So this place where God dwells is called his temple, his city,
his mountain. And the people of that place
are those who say, we have thought on thy loving kindness there
in thy temple. This is where God is worshiped.
And in the worship of God, we are considering, we're meditating
on, we're learning, we're knowing God and we're knowing him as
a refuge and we have thought on his loving kindness because
it is his loving kindness towards us that has saved us and has
provided a refuge in himself for us, which is Christ. In verse
10, according to thy name, O God, so is thy praise unto the ends
of the earth. Thy right hand is full of righteousness. God's name is who God is. his
reputation, his character, his name, that he acts according
to his own person and character. And that's his name. And so according
to his name, O God, so is thy praise. We praise God because
we know his name. And when we think of his name,
what do you think of? Well, I think of his name is
Jesus because his name, Jesus, means savior. It means that he
is God's salvation, the salvation God has provided. And the salvation
God provided is God himself, the Lamb. God would provide himself,
the Lamb. And so He is not only the Savior,
He is salvation, and this is His name, Jesus, and it says
in Acts 4.12 that this is the only name under heaven given
among men whereby we must be saved. So you can see then that
the center of the subject here is salvation in Christ. His name,
His right hand is full of righteousness. All that He does, He does in
righteousness. And David in Psalm 51, 14 said,
he said, deliver me from blood guiltiness, from murder. So shall
I sing aloud of thy righteousness. So again, this is echoing the
fact that our salvation in Christ was not done by some compromise
on God's part. Instead, it was done to the absolute
magnifying of God's holiness and his perfections, his law
and his justice and his righteousness. OK. So that's what he's saying
here. According to thy name, O God,
so is thy praise unto the ends of the earth. Thy right hand
is full of righteousness. Verse 11. Let Mount Zion rejoice. So Mount Zion is a people. It's
not a mountain. not a physical mountain, and
it's not a physical mountain anyway. It's not a people that
you would think of as being on earth, a nation on earth or a
kingdom on earth. It's the kingdom of heaven. It's
the kingdom of God. It's the city of God in heaven. And we'll see that in a minute.

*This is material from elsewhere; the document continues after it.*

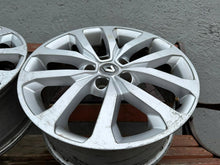 Laden Sie das Bild in den Galerie-Viewer, 1x Alufelge 17 Zoll 7.0&quot; 5x114.3 40ET 403004770R Renault Koleos Clio Rim Wheel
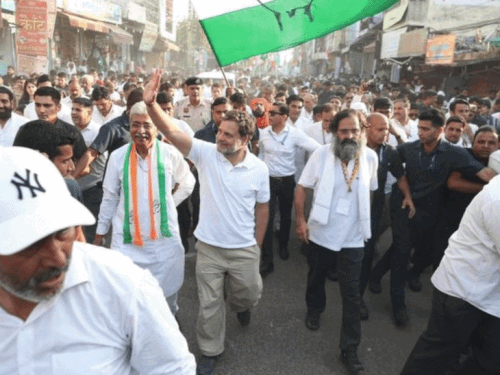 बृजेंद्र सिंह की सद्भाव यात्रा में राहुल गांधी एक किलोमीटर पैदल चले। - Dainik Bhaskar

So he tells them to rejoice. Mountains can't rejoice, but
God's people can. Let Mount Zion rejoice. Let the
daughters of Judah be glad because of thy judgments. God's judgments
are for his people. And that's why his name is exalted
in their salvation. He justifies the ungodly by the
obedience and death of his son. And this is a judgment we rejoice
in so much that this is what we are glad about. We rejoice
and we're glad in this, that God has justified us for Christ's
sake. Verse 12 says, walk about Zion,
and go round about her, tell the towers thereof. So he's inviting
us, he's telling us, look around this place, which is God's dwelling,
this place God highly esteems, which is His people. His dwelling
is in them and with them. God is not against us, God is
not away from us, He's not separated from us, He's with us in Christ.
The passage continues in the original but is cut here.